Brief descriptive captions:
━━━

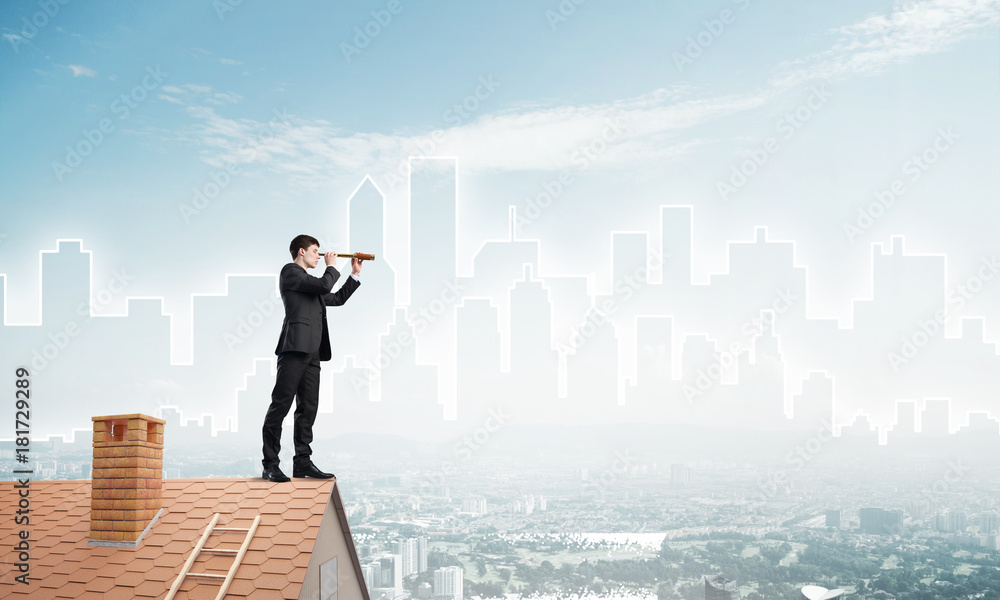 Engineer man standing on roof and looking in spyglass. Mixed media Engineer man standing on roof and looking in spyglass. Mixed media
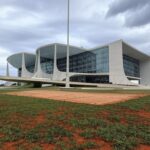 Edifício judicial em Brasília com bandeira a meio mastro, simbolizando falecimento de desembargador no Distrito Federal.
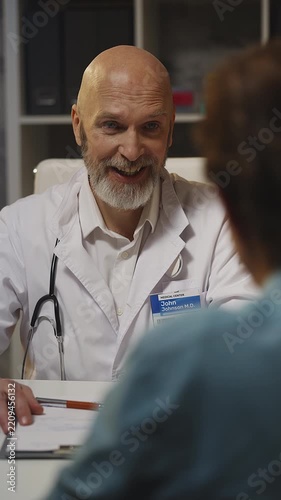 Smiling male doctor informs male patient about positive therapy results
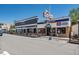 Street view with restaurants featuring outdoor seating and classic storefronts at 945 Saint Andrews Ln, Louisville, CO 80027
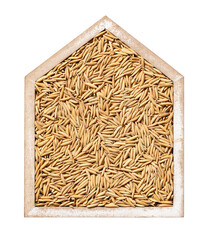 Rice is piled in wooden boxes shaped like houses. Grain reserves.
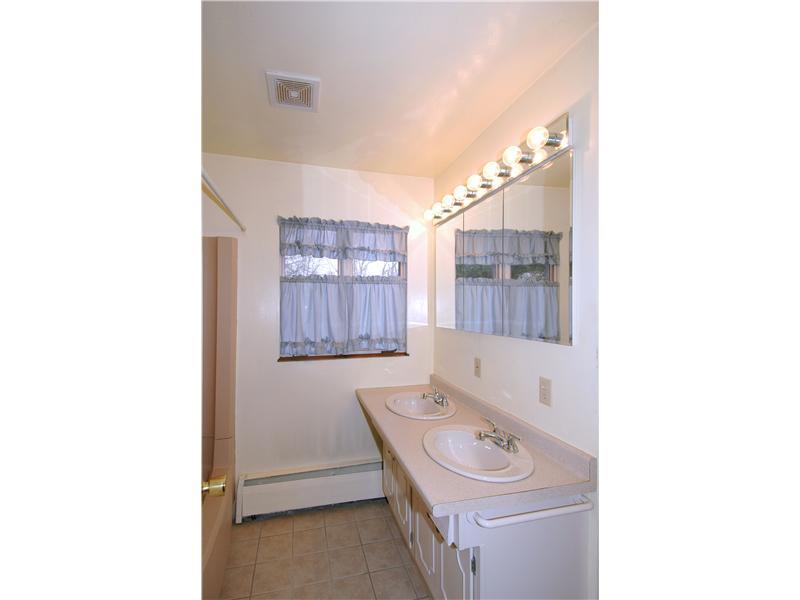 160 Pine Road Pittsburgh, PA 15237 - Photo 10 of 16 Full Bath. Hall bath has double bowl sink and tub surround and a window-add your personal touch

━━━

● What you should do: Please ensure that the data above is repeated exactly, with no pictures in the copy.

● Result of this task:
 Engineer man standing on roof and looking in spyglass. Mixed media Engineer man standing on roof and looking in spyglass. Mixed media
 Edifício judicial em Brasília com bandeira a meio mastro, simbolizando falecimento de desembargador no Distrito Federal.
 Smiling male doctor informs male patient about positive therapy results
 Street view with restaurants featuring outdoor seating and classic storefronts at 945 Saint Andrews Ln, Louisville, CO 80027
 Rice is piled in wooden boxes shaped like houses. Grain reserves.
 160 Pine Road Pittsburgh, PA 15237 - Photo 10 of 16 Full Bath. Hall bath has double bowl sink and tub surround and a window-add your personal touch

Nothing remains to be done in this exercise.